The following functionality with corresponding API is provided:

Logging
Configuration
Monitoring
ISML template execution (used for export processes)
Parsing, validation, bulking (used for import processes)
File handling
Filters
Multi-threading
Security

Glossary

Term	Description
ImpEx	Short term for import and export.
Controller	Central object providing general functionality like logging, statistics, configuration, ...

Overview: Import Process

A typical import process involves the following steps:

Parsing each element in XML file and creating transient import objects
Validation and complement of transient import objects
Bulking of data into the database

There are three thread groups. The first parses the file, the second validates and complements the parsed objects, and the third thread group is responsible for writing the data into the database. Parsing, validating, and bulking run in parallel. Validating and bulking in many cases can be parallelized using multiple threads to ensure high performance during import.

Some import processes, like for products and catalogs, require duplicate execution of these three steps, because:

There are ring dependencies between the objects within the import file and/or database.
Elements at the beginning of the import file can reference other elements at the end of the import file, making the file too large to hold it transient in memory.

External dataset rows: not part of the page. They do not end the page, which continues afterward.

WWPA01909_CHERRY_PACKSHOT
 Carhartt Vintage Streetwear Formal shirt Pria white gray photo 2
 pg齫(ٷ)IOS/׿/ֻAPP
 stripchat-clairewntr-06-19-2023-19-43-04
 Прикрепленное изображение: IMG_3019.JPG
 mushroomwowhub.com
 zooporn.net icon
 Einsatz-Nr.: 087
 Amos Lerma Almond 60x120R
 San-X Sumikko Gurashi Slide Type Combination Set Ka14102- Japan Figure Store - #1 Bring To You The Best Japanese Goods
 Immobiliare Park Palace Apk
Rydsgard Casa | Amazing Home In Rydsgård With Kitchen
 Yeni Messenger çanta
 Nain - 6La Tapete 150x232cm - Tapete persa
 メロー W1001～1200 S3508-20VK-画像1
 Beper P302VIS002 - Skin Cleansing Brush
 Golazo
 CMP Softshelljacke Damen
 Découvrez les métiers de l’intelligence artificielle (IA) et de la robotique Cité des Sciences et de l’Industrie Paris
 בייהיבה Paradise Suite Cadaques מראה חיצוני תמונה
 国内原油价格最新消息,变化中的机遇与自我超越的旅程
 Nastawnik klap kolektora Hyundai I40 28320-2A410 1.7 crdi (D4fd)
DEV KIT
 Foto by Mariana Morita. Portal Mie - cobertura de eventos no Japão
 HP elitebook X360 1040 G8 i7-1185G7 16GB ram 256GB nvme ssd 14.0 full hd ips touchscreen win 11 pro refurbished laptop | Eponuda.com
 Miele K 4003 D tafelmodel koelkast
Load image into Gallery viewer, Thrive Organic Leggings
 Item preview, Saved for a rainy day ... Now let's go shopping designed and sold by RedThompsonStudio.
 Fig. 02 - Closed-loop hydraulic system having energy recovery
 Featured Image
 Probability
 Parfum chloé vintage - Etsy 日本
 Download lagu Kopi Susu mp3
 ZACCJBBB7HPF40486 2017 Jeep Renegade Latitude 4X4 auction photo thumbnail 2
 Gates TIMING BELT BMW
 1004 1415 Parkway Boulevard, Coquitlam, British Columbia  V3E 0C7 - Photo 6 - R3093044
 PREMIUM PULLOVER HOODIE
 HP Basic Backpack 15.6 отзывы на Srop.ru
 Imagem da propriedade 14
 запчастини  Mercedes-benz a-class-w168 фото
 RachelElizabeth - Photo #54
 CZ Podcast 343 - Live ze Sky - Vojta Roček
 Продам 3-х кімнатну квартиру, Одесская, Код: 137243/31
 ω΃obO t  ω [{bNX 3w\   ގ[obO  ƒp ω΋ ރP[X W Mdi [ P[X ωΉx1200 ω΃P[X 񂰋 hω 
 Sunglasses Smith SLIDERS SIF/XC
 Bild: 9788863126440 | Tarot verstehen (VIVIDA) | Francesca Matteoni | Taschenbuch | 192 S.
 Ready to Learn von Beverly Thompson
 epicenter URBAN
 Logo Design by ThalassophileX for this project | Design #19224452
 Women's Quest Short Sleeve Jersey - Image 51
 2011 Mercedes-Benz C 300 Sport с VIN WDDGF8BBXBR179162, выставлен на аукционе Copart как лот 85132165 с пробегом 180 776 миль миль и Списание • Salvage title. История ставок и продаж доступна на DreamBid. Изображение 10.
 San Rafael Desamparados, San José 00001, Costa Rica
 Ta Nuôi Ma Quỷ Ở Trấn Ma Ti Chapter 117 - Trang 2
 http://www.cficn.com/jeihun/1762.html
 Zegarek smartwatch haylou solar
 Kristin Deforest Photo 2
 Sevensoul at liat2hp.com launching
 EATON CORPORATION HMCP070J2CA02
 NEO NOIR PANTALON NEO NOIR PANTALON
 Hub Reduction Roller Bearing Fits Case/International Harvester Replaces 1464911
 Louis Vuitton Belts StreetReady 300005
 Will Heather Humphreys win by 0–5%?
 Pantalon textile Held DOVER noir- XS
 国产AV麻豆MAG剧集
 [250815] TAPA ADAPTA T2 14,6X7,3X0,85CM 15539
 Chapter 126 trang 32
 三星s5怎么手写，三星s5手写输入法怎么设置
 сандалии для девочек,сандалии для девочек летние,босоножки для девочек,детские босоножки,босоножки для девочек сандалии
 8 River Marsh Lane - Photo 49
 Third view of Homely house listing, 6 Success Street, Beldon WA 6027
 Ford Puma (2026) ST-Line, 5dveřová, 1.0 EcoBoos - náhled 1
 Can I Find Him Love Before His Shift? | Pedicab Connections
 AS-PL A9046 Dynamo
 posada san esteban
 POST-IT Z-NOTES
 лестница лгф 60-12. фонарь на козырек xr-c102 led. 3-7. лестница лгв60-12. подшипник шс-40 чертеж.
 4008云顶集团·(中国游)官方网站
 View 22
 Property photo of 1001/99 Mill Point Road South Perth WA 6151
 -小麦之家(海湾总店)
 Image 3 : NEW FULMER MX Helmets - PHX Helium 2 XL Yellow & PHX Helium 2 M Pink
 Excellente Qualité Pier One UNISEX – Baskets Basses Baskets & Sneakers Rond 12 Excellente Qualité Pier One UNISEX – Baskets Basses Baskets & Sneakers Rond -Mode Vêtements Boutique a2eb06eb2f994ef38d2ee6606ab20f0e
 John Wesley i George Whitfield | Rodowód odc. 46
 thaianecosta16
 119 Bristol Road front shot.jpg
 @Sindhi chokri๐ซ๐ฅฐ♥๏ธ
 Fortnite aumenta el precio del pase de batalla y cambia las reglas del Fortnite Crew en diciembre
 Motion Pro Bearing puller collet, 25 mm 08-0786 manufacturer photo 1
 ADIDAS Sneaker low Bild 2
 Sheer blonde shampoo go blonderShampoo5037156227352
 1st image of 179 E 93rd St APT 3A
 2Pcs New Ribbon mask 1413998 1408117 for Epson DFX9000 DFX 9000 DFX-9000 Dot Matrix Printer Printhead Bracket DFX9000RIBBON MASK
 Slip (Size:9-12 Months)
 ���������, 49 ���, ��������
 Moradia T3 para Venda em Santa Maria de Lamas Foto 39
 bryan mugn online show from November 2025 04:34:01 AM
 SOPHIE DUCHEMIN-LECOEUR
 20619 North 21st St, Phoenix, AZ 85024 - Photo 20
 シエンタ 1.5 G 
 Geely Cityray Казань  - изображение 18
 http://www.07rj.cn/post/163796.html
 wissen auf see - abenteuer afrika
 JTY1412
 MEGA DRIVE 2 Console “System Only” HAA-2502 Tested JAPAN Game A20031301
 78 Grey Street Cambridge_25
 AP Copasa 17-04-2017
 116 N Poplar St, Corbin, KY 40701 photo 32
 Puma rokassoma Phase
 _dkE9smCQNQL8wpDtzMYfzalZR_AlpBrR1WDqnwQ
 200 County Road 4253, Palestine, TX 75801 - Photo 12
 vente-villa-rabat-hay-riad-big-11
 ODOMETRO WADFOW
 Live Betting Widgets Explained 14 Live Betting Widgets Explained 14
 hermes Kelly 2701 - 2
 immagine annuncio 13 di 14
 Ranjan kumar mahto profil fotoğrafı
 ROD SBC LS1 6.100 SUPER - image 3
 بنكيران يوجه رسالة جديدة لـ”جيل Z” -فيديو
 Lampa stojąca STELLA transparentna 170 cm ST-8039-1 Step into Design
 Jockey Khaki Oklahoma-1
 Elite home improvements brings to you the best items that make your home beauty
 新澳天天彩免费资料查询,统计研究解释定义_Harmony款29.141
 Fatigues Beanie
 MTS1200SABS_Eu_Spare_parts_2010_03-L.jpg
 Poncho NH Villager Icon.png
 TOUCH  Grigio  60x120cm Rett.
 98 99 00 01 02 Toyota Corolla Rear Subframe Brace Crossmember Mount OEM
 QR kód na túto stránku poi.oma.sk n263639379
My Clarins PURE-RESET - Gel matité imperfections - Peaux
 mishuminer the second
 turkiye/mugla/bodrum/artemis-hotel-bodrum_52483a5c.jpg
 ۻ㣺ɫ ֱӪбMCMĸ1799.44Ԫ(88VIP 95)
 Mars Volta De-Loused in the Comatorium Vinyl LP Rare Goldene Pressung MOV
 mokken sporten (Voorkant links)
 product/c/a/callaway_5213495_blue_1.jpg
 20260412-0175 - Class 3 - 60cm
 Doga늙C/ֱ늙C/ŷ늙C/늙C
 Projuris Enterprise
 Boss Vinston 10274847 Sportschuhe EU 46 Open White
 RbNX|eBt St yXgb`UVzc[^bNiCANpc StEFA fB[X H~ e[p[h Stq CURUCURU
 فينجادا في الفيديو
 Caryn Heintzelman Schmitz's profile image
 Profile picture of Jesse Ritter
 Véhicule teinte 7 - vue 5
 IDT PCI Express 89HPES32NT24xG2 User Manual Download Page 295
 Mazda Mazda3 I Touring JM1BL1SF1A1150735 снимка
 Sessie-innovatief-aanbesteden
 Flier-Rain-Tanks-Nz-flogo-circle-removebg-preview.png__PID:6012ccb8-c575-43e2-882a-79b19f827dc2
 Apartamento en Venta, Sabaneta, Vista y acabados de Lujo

In the first phase, the raw data without relations are imported. Afterwards, when all objects exist in the database, the import is executed again to import the relations between imported objects.

Overview: Export Process

Every export process executes the following steps:

Creation of an iterator of objects that need to be exported
Creation of an output stream (normally simple files in shared file system)
Serialization or marshaling of objects in this iterator using ISML into the output stream

Directory Structure for Import/Export Files

All import/export data files, such as sources, export files, configuration files, templates, etc., are stored in the IS_HOME/share/sites/<site>/unit/<unit>/impex directory. When uploading an import file, ICM transfers it from the source location to the appropriate location in the ImpEx directory. Similarly, when exporting data, you can use the back office wizard to download export target files from the respective ImpEx directory location.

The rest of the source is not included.